Dongyangopelta (meaning "Dongyang shield") is an extinct genus of nodosaurid, ankylosaurian, dinosaur known from the Early to Late Cretaceous Chaochuan Formation (Albian or Cenomanian stage) of Dongyang, Zhejiang Province, China. The genus contains a single species, Dongyangopelta yangyanensis.

Discovery and naming

Dongyangopelta was initially discovered by Zhiwei Yang in rocks of the Chaochuan Formation, in a hillside beside the Yangyan Village southeast of the Dongyang City, Zhejiang Province, China.

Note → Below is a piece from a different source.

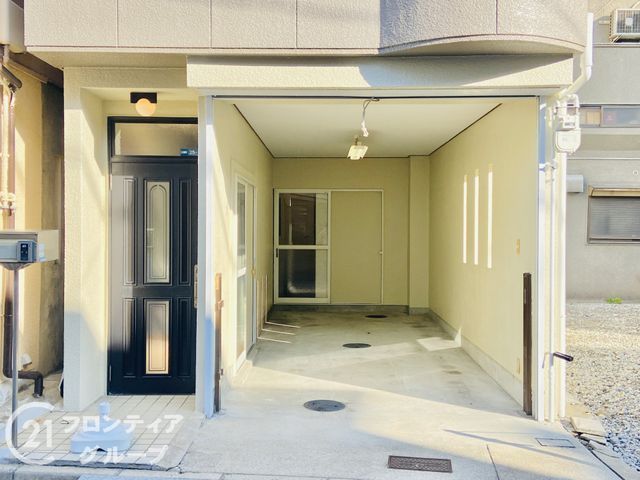 4LDK House for Sale in Kadoma, Osaka - 90.27 sqm - Thumbnail 2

The holotype DYM F0136 was excavated through a joint collaboration between the Fukui Prefectural Dinosaur Museum, Institute of Geology Chinese Academy of Geological Sciences, Dongyang museum and the Yangyan Village. Notable individuals involved in the excavation and preparation of the holotype include Chaohe Yu and Guangming Luo. 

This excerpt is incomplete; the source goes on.